## [What you have to do]
Could you retype the lines below, starting at the line holding "Louis Vuitton-Black Louis" and stopping at the line holding "Safeguarding policy", inclusive? Copy them exactly and drop the images.
Dataset Block Start
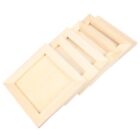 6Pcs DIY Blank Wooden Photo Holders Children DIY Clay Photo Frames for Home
Dataset Block End
Dataset Block Start
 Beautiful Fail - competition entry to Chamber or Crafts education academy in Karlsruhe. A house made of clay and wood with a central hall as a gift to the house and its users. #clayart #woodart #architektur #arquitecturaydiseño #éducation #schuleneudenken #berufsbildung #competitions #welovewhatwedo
Dataset Block End
Dataset Block Start
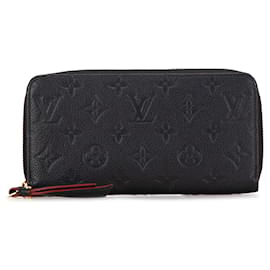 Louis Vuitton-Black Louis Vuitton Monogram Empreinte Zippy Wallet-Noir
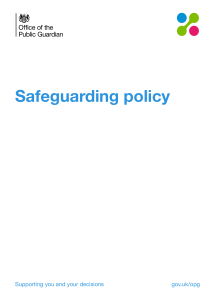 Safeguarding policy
Dataset Block End
## [Solution to the problem]
 Louis Vuitton-Black Louis Vuitton Monogram Empreinte Zippy Wallet-Noir
 Safeguarding policy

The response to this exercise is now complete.